When in Rabat don’t miss the Chella necropolis or Sala Colonia which are vast ancient Roman ruins on the mouth of the Bou Regreg River, built more than 2,300 years ago. The site is mind boggling in size and architecture and completely over run by a plethora of giant storks that nest in all the towers. It is a fairy tale vista and one of the worlds great historical sites with the added bonus of these lanky yet graceful giant birds flapping across the landscape like vast mythological Rocs.
The Kasbah in Rabat is straight out of Beau Geste, an old fort with picturesque winding lanes overlooking the river and the town of Salé on the opposite bank, classified a UNESCO World Heritage site.
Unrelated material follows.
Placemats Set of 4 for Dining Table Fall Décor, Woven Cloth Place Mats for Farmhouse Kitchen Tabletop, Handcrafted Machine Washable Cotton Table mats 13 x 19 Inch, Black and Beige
You can wander here for hours admiring the beautiful houses and blue and white painted streets and imagining the savage battles fought as Rabat was the staging post for the Almohad ruler Abd al-Mu’min’s pirate attacks on Spain to plunder for booty. You can continue this Barbary Pirate naval theme by dining at La Péniche barge floating opposite on the Salé side of the river. The perfect place to enjoy good seafood and watch the locals speed by on their water bikes.
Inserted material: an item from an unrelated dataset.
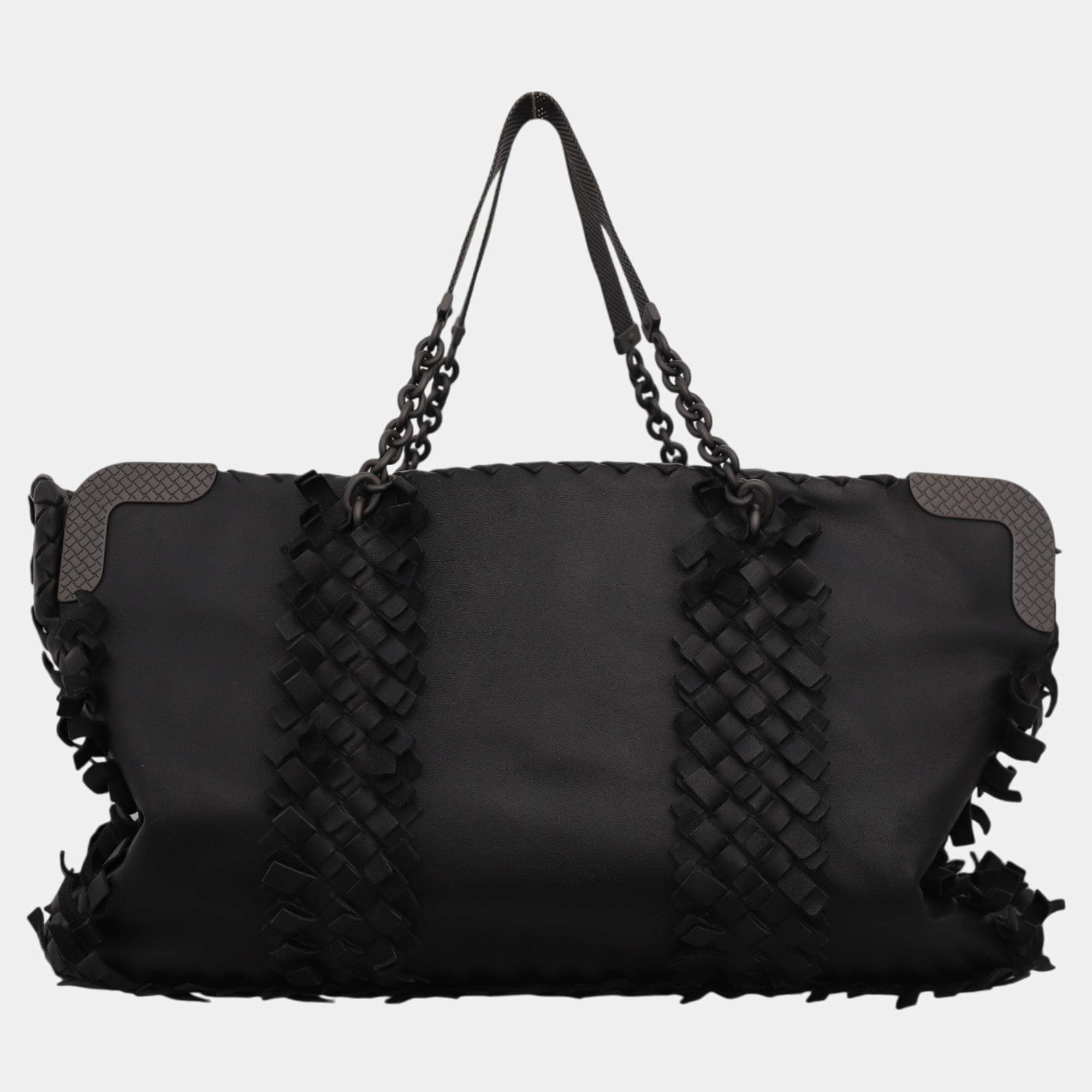 Bottega Veneta Black Leather Spring 2013 Intrecciato Fringe Tote Bag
Take a tour of the Mausoleum of Mohammed V with its green tiled roofs typical of modern Alaouite dynasty architecture which contains the tombs of the Moroccan king and his two sons, the late King Hassan II and Prince Abdallah. Opposite is the Hassan Tower set in wide grounds with stone pillars jutting graphically into the air festooned with guards on foot and on horseback in magnificent traditional Moroccan dress. Then finish the day off with a tour of the King Mohammed VI's Royal Palace with its impressive immaculate gardens, government buildings, cannons and Mosques.
Rabat, like all Moroccan cities is benefiting from large scale investment and the newest project is a massive development on the banks of the Bou Regreg River between Rabat and Sale, consisting of a new luxury marina, shopping mall, beach areas and housing for 2013. This will effectively become a modern luxury centre surrounded by the wonderful ancient history of Rabat and is sure to bring many new businesses and tourists to the area. I look forward to popping back soon to see it and spend more time in that wonderful city.